→ **Record extracts**:
[Start of Attachment]

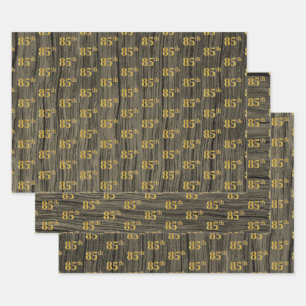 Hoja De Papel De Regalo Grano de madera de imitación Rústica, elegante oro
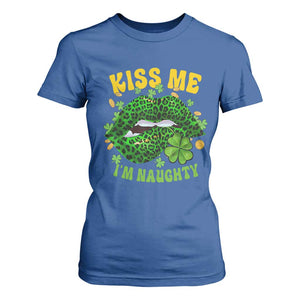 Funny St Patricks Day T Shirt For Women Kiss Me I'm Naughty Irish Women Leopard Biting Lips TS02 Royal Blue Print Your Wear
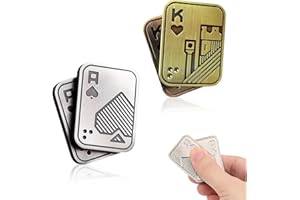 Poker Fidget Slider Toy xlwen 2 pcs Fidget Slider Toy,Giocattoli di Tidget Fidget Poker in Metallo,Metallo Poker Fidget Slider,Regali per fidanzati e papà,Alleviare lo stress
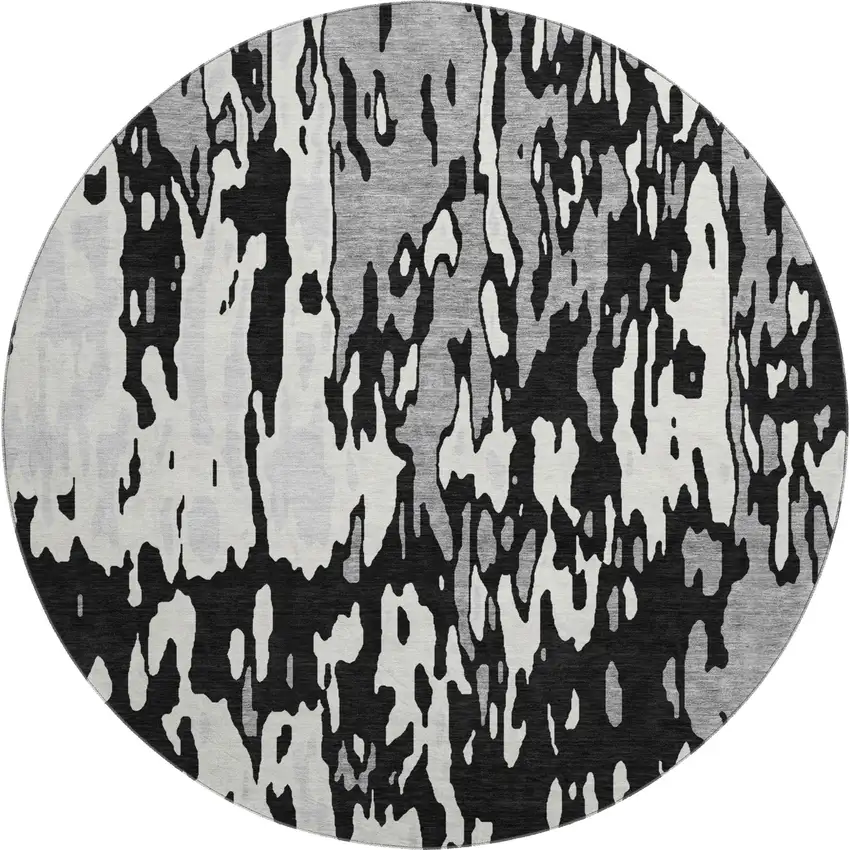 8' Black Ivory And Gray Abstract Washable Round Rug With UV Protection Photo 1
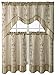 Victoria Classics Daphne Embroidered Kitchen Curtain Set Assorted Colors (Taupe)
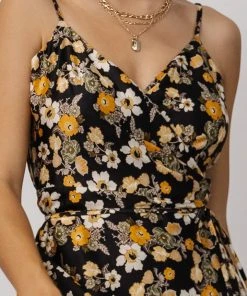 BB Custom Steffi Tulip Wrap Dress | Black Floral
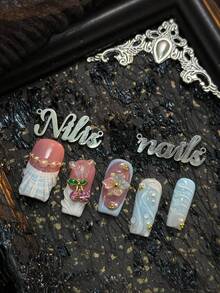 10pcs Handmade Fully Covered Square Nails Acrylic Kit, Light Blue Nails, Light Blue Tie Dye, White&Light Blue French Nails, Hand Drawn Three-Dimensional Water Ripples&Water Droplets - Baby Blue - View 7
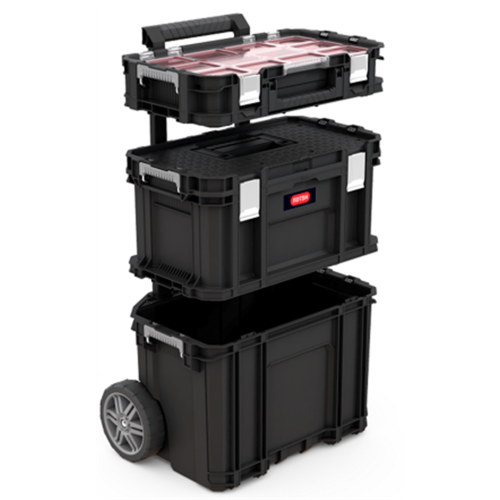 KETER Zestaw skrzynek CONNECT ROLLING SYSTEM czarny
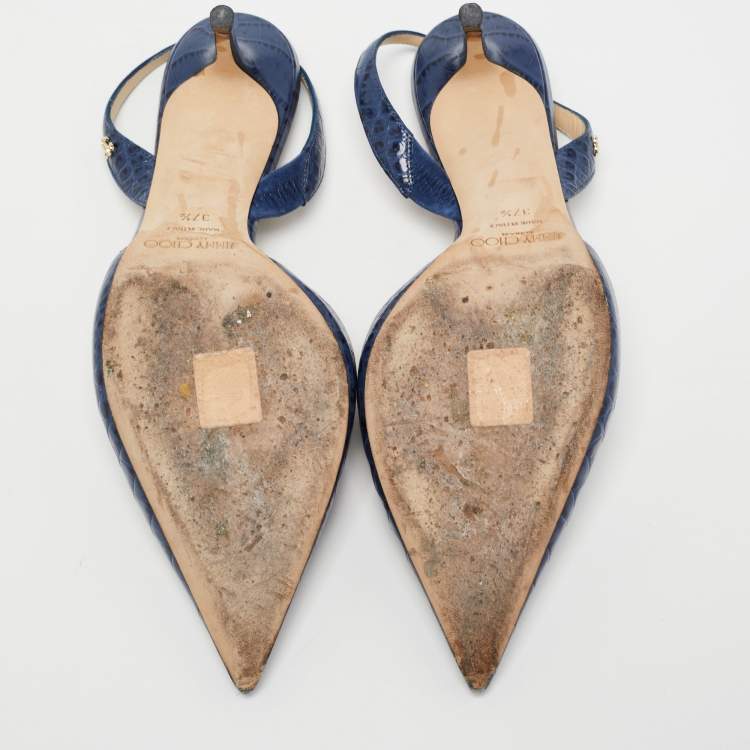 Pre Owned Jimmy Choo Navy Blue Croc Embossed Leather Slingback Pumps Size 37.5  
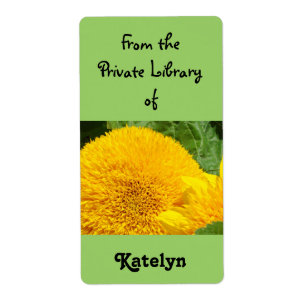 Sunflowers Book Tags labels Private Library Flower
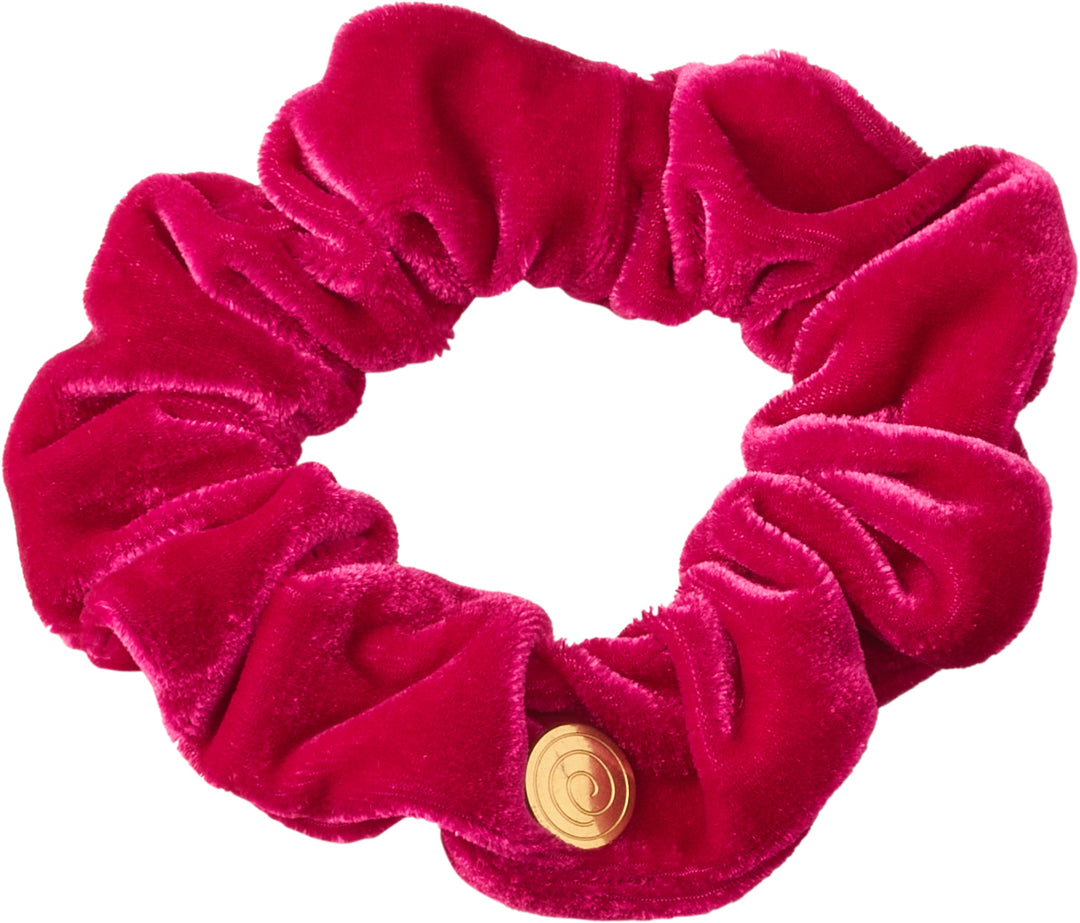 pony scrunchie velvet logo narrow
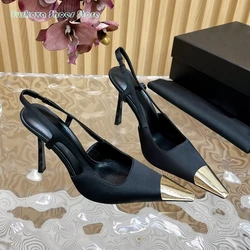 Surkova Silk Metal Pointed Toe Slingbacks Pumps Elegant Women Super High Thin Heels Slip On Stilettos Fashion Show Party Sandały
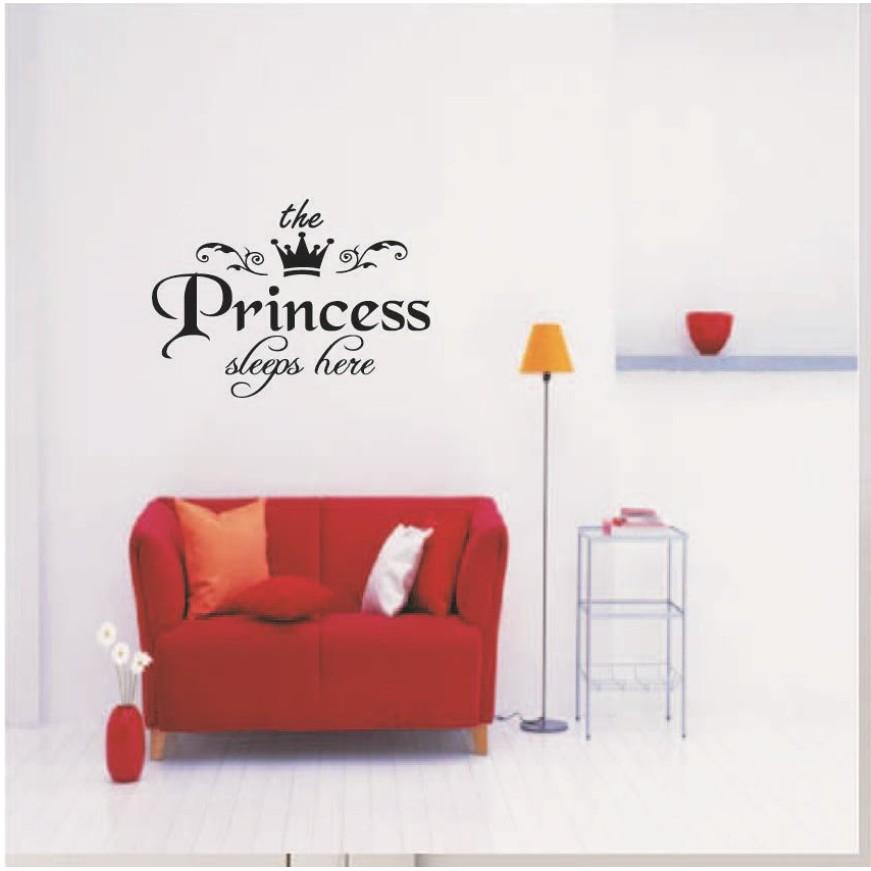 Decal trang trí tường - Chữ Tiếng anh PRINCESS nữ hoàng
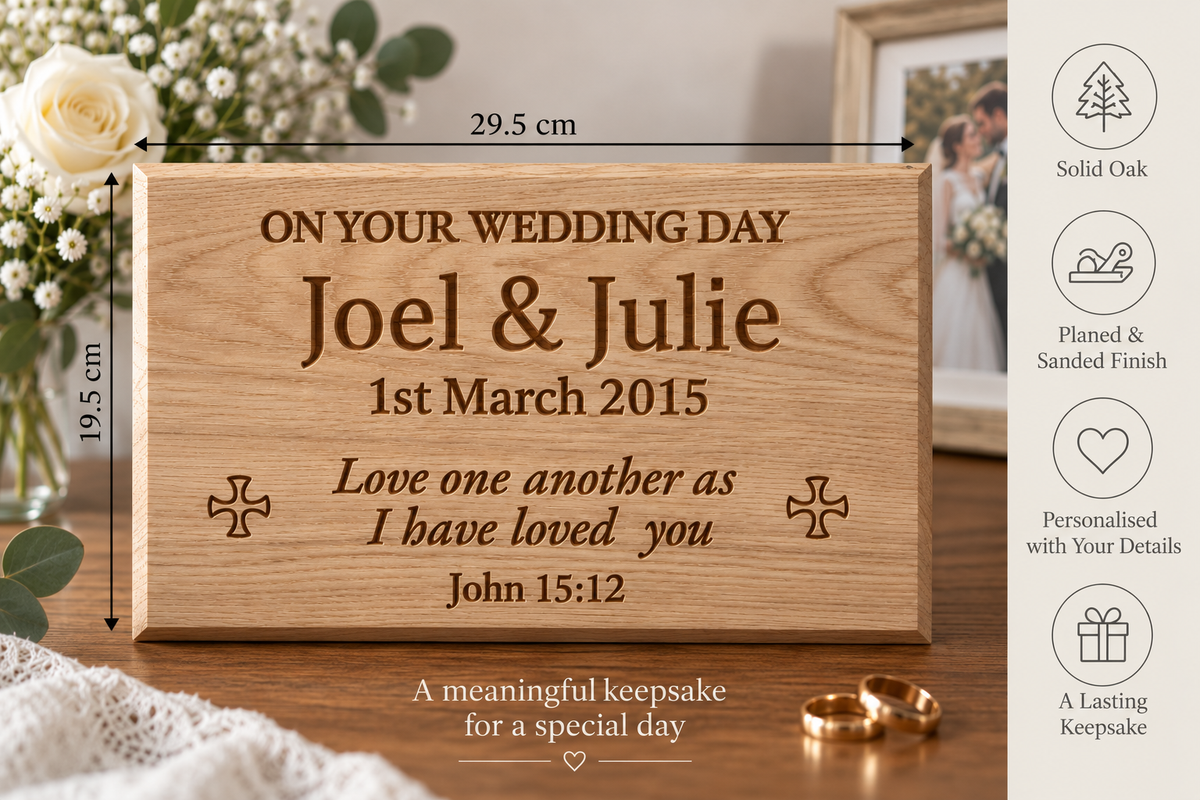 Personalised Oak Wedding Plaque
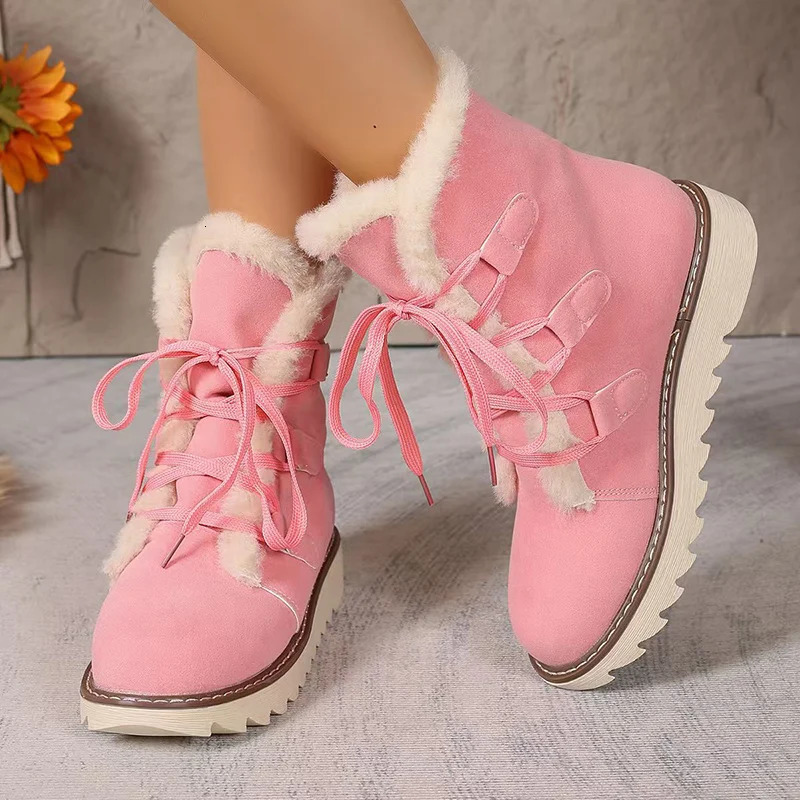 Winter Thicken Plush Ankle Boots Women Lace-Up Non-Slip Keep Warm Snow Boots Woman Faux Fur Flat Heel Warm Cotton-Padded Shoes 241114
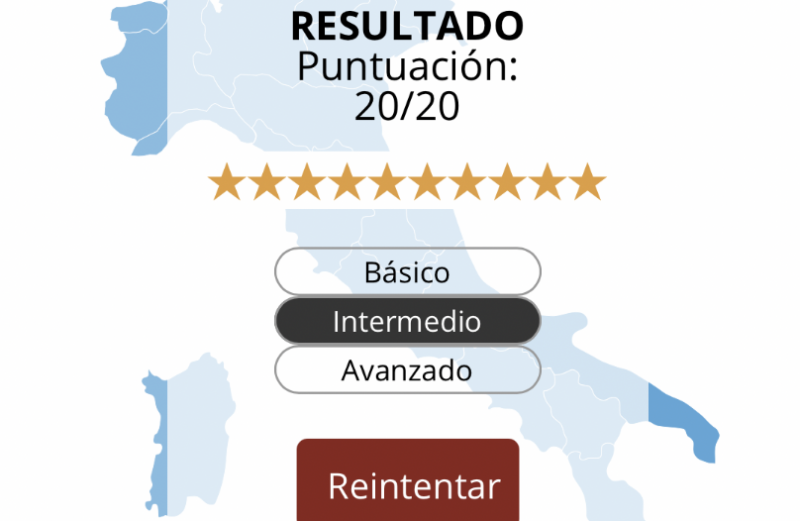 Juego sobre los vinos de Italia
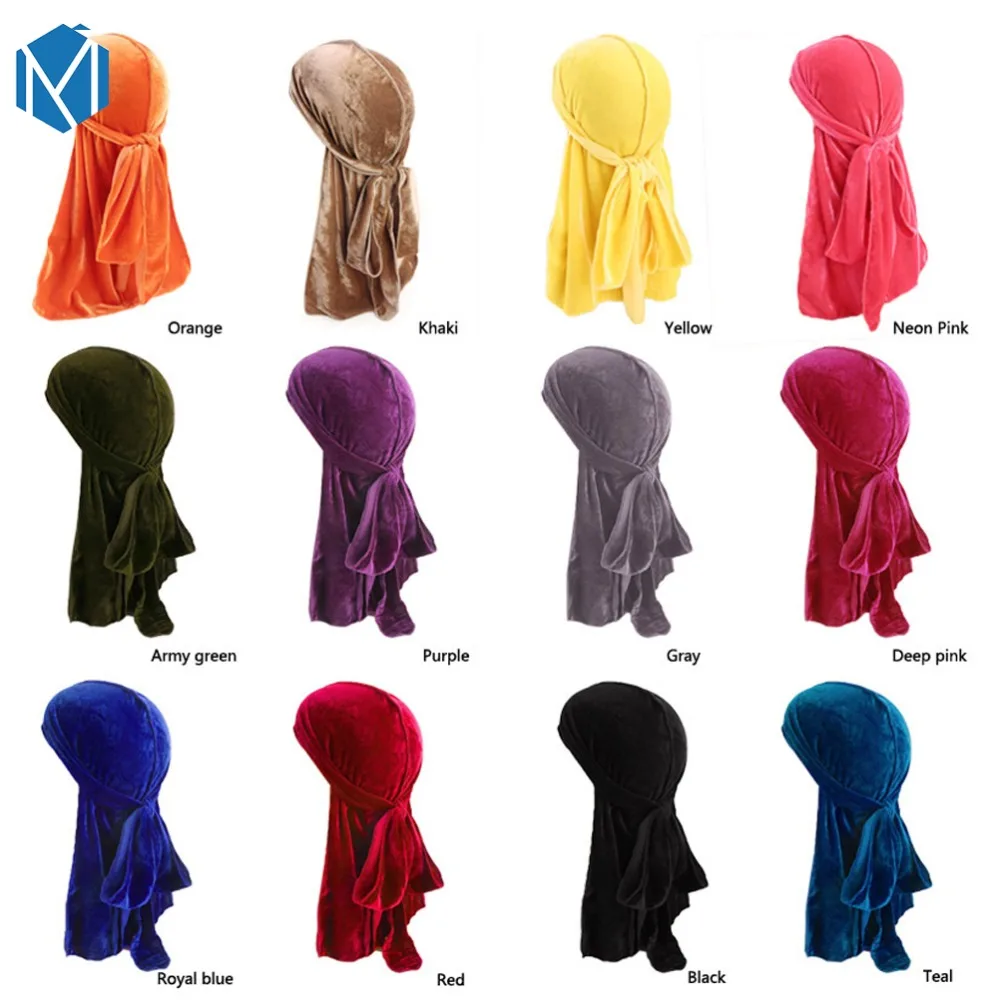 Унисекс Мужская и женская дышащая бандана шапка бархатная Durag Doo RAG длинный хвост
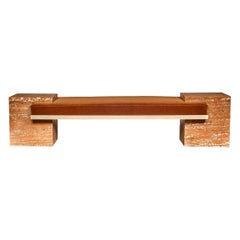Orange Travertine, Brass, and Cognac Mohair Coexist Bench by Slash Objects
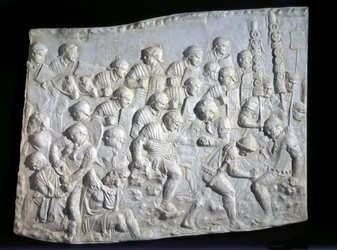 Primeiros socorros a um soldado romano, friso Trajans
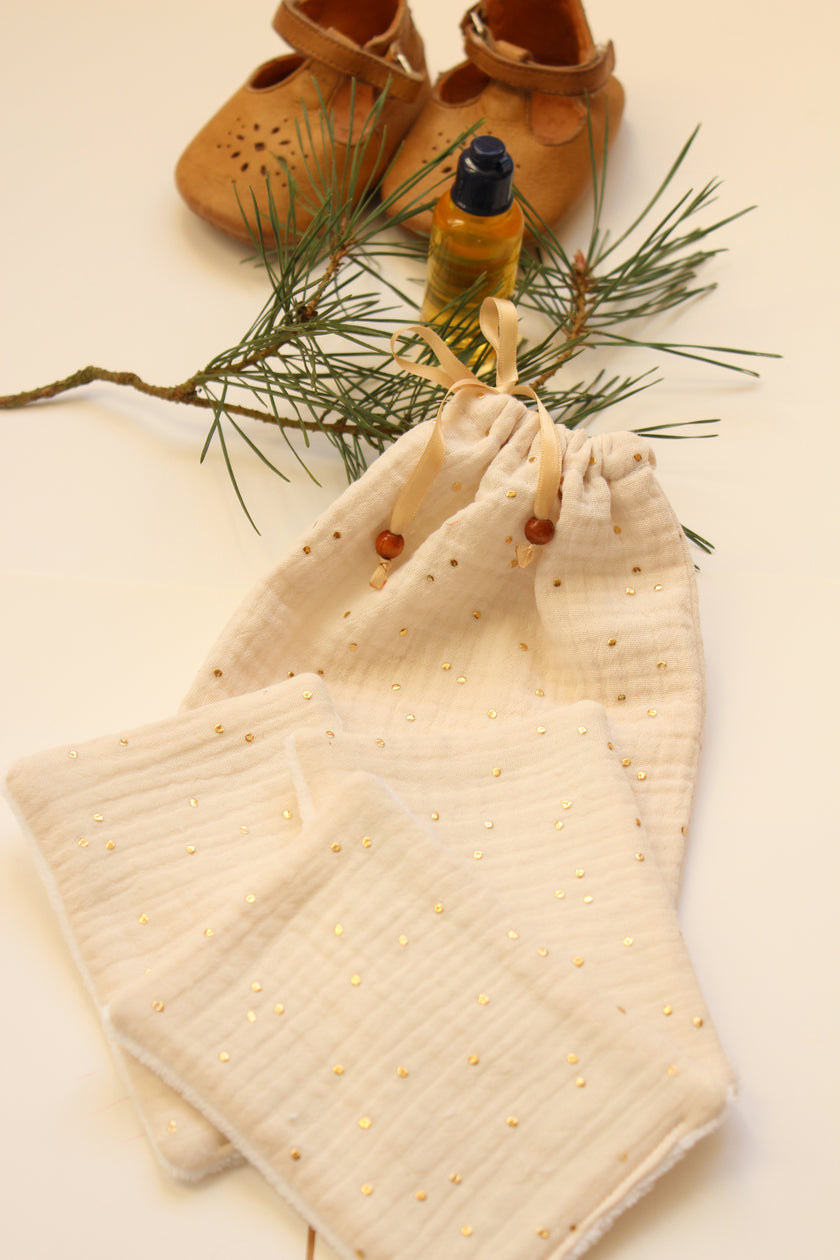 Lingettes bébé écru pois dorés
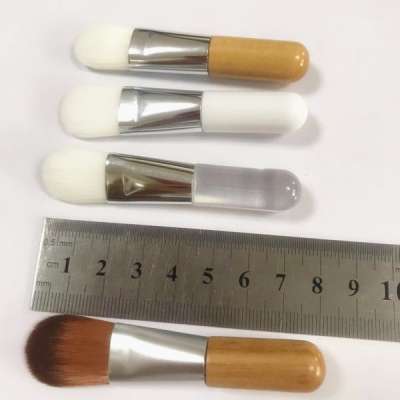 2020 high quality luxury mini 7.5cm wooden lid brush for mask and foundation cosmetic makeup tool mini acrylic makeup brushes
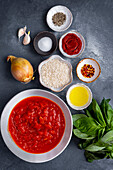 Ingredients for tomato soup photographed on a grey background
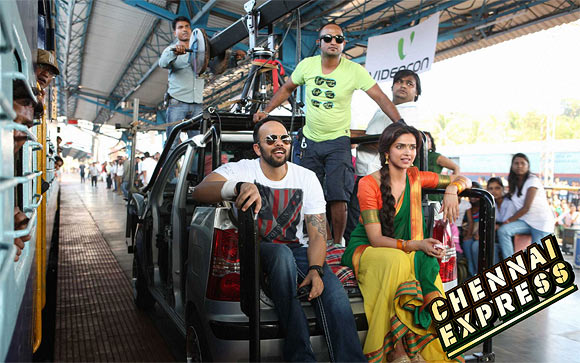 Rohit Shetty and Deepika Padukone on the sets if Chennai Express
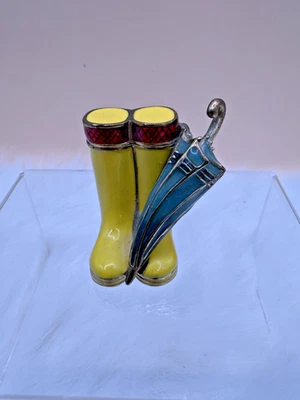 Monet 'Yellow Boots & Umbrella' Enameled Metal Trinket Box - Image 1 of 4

[End of Attachment]

→ **Task requirements**: With the pictures left out, output the lines from the one containing "Winter Thicken Plush" through the last line of the records above, exactly as they are.

→ **Answer below**:
 Winter Thicken Plush Ankle Boots Women Lace-Up Non-Slip Keep Warm Snow Boots Woman Faux Fur Flat Heel Warm Cotton-Padded Shoes 241114
 Juego sobre los vinos de Italia
 Унисекс Мужская и женская дышащая бандана шапка бархатная Durag Doo RAG длинный хвост
Orange Travertine, Brass, and Cognac Mohair Coexist Bench by Slash Objects
 Primeiros socorros a um soldado romano, friso Trajans
 Lingettes bébé écru pois dorés
 2020 high quality luxury mini 7.5cm wooden lid brush for mask and foundation cosmetic makeup tool mini acrylic makeup brushes
 Ingredients for tomato soup photographed on a grey background
 Rohit Shetty and Deepika Padukone on the sets if Chennai Express
 Monet 'Yellow Boots & Umbrella' Enameled Metal Trinket Box - Image 1 of 4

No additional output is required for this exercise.